Se você ver alguém chorando ou gargalhando, deve denunciar imediatamente.
Mas afinal, por que neutralizar seus sentimentos?
Sentir é a maior desolação da humanidade. Provoca disputas, ganância, competitividade, egoísmo e catástrofes. Após uma terceira, e devastadora, guerra mundial, a humanidade viu-se à beira de uma extinção. Não haveria chance de sobrevivência a um quarto conflito dessa magnitude. Uma nova ordem foi consolidada para prevenir qualquer tipo de tensão pessoal, interpessoal e entre países. Guerra nunca mais!
Recorrer ao cinema para a materialização de distopias futuristas é algo que almejo muito como roteirista, mas essa realidade, não fui eu quem inventei. Essa distopia é retratada no filme de ficção científica Equilibrium (2002), estrelado por Christian Bale e dirigido e roteirizado por Kurt Winner. Dentro do universo cinematográfico de sci-fis, essa obra é esnobada e pouco comentada. Assisti há pouquíssimo tempo, fazendo pesquisa para um novo trabalho de roteiro.
Apesar de abarcar questões narrativas que me incomodaram, e para os que já conhecem os clássicos de George Orwell, Ray Bradbury e Aldous Huxley, possa parecer uma história batida, Equilibrium contempla cenas excepcionais e cumpre o papel de uma boa ficção científica em levantar diversas provocações acerca da natureza humana.
Sobre as reflexões que ficaram martelando na minha cabeça, fiquei matutando: ao invés de controlar as pessoas com a falta de informação, é a falta de emoção que torna as pessoas controláveis e, além do Prozium, a proibição da arte é um dos maiores mecanismos utilizados pelo regime totalitário para manter a população imersa na conformidade e na obediência.

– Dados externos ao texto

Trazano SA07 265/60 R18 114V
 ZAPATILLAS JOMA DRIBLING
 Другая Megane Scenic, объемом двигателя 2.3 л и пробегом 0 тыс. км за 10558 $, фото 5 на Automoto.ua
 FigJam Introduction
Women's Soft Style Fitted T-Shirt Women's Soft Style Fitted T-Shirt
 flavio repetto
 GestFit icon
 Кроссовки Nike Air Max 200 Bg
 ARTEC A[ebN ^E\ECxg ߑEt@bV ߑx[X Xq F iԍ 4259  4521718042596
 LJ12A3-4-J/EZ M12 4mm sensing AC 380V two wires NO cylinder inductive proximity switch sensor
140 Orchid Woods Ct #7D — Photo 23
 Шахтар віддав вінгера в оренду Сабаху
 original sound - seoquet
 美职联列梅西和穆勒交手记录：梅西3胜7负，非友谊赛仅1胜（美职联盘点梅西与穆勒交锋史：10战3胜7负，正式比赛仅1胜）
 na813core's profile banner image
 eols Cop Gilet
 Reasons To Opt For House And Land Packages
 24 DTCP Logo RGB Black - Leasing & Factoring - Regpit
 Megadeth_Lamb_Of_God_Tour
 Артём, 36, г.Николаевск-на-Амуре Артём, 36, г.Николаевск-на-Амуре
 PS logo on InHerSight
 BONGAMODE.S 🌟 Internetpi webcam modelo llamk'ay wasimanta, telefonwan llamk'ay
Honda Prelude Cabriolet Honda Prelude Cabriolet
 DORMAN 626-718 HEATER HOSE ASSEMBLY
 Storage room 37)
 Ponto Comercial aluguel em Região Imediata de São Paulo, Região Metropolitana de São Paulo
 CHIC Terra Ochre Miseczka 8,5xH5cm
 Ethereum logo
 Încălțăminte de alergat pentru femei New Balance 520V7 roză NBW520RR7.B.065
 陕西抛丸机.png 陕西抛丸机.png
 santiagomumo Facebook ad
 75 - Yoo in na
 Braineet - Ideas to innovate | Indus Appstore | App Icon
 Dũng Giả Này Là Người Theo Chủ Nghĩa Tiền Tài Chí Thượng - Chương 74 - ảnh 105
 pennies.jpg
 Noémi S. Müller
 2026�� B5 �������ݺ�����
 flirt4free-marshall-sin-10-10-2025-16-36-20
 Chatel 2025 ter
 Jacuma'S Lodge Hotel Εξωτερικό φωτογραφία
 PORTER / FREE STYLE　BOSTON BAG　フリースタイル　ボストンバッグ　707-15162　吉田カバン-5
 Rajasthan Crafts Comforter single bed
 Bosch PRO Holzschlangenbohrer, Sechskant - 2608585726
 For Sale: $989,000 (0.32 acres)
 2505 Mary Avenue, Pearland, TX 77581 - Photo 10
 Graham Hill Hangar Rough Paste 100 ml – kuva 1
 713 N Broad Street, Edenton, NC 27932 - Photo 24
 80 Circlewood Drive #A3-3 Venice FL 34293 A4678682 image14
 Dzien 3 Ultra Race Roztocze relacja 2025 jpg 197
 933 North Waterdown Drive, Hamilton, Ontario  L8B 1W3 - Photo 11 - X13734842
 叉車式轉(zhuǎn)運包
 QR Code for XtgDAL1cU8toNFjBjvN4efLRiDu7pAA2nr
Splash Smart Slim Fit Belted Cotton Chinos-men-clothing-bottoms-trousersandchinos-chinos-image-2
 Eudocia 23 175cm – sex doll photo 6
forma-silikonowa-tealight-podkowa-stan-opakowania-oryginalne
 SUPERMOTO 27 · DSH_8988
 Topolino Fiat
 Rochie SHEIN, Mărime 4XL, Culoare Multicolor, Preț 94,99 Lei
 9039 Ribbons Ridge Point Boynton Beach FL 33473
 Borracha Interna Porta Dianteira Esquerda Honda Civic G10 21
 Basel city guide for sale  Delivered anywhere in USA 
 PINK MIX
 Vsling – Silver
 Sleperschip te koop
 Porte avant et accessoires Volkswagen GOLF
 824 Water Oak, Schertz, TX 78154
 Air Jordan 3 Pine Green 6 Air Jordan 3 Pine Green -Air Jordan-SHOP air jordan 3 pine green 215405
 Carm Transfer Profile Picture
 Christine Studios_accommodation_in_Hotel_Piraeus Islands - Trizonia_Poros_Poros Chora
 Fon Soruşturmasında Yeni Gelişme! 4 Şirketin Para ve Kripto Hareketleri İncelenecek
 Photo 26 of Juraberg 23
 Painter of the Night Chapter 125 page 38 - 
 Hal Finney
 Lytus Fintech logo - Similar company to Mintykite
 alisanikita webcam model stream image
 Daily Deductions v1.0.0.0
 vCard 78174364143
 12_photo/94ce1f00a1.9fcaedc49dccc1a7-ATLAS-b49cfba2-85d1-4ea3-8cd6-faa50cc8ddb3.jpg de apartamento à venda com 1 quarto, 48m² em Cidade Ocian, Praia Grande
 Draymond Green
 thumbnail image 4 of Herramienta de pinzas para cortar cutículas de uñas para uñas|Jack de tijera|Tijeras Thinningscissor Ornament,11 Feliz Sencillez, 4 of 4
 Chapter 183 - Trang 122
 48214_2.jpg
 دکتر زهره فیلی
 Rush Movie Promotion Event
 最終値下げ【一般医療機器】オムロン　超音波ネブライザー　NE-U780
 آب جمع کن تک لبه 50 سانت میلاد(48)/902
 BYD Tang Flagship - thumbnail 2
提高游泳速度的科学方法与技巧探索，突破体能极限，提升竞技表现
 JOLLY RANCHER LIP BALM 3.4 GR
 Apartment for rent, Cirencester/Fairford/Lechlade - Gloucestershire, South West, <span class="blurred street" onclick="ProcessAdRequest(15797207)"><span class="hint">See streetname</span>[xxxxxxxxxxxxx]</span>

Conforme visto logo no início do filme, o protagonista John Preston (Christian Bale), um oficial de elite, vai até um local onde “terroristas” estão escondendo pinturas. Ele dá a ordem para seus subordinados queimarem tudo. Vemos a Monalisa (original) borbulhando no fogo. Essa cena de abertura nos faz mergulhar na visualização da arte como grande ameaça ao status quo, contemplando um alto grau de periculosidade em despertar emoções nos cidadãos e levar ao questionamento sobre a ordem dominante. Tanto que, além de incinerar qualquer obra, as pessoas que experimentam ou escondem arte também são fadadas ao fogo.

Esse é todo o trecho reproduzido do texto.